According to a preferred embodiment of the present invention, the porting between the exhaust aperture 35 of valve plate 3 and exhaust chamber 23 may be achieved through an adapter plate 50, best seen in FIGS. 4 and 6, which minimizes the gap between the ports to be connected. Adapter plate 50 is shown in the sectional view of FIG. 3 disposed between valve plate 3 and bypass valves 4, 5. The adapter plate 50 comprises a first air path 54 and a second air path 56 that are in fluid communication with first aperture 34 and second aperture 36, respectively.

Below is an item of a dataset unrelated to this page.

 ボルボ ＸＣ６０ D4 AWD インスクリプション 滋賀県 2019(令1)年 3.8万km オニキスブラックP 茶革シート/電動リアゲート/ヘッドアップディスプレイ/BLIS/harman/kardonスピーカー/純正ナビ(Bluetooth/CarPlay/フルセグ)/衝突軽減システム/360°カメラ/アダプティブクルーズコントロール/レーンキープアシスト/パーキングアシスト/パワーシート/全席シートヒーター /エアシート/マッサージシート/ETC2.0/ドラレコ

As shown in FIGS. 5 and.6, an exhaust vent 55 having two exhaust ports 51 is located between the first air path 54 and second air path 56 and connects exhaust aperture 35 to exhaust via exhaust apertures 52 located in center body housing 6.
As shown in FIGS. 4 and 6, the exhaust vent 55 is, preferably, curvilinear-shaped and, most preferably, serpentine-shaped thereby minimizing the distance between said first and second air paths 54, 56. To provide air logic for shifting the shiftable valve, adapter plate 50 further comprises pilot signal paths 186, 190 for connecting a pilot valve in fluid communication with the shiftable valve. Gaskets 60, 61, 62, 63, 64, and 65 are provided as shown in FIGS. 5 and 6 to seal interconnecting air passages upon assembly of the center body housing 6, adapter plate 50, valve plate 3, and valve body 2.
There has been set forth a preferred embodiment of the invention. However, the invention may be altered or changed without departing from the spirit or scope thereof. The invention, therefore, is to be limited only by the following claims and their equivalents.